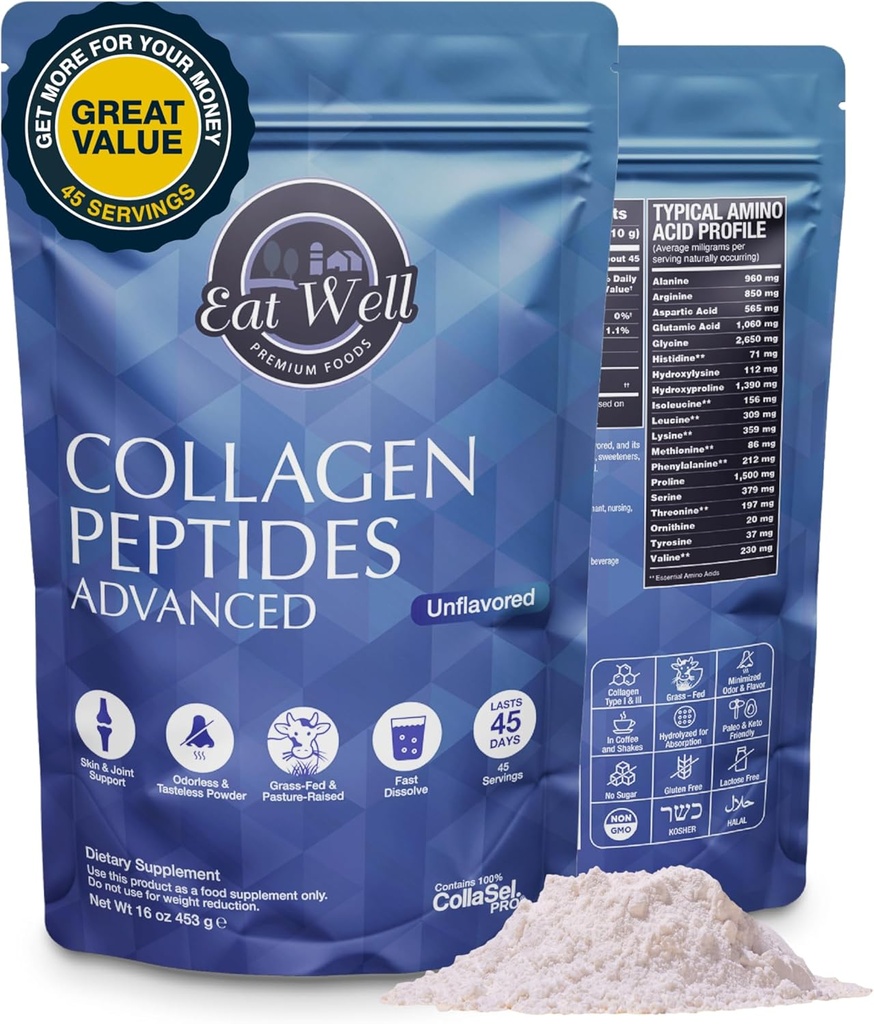 Kollageenpeptiidid Pulbervalk 45 Servings, 16oz, kollageen nahale, luudele ja liigestele, tüüp I & III Grass Fed kollageeni täiendused naistele ja meestele, Keto, Aminohapped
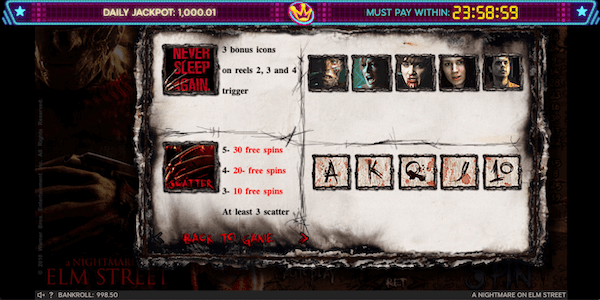 A Nightmare on Elm Street paytable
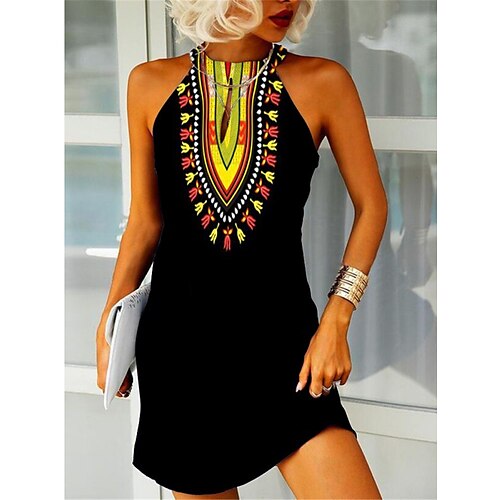 

Mulheres Vestido casual Vestido de turno Vestido midi Preto Azul Marinha Verde Sem Manga Geométrica Imprimir Inverno Outono Primavera Nadador Moda Diário Ajuste Largo 2023 S M L XL XXL 3XL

*****

*The task*
Line by line, output the material above exactly, passing over the pictures.

*Answer for the task*
 Kollageenpeptiidid Pulbervalk 45 Servings, 16oz, kollageen nahale, luudele ja liigestele, tüüp I & III Grass Fed kollageeni täiendused naistele ja meestele, Keto, Aminohapped
 A Nightmare on Elm Street paytable

Mulheres Vestido casual Vestido de turno Vestido midi Preto Azul Marinha Verde Sem Manga Geométrica Imprimir Inverno Outono Primavera Nadador Moda Diário Ajuste Largo 2023 S M L XL XXL 3XL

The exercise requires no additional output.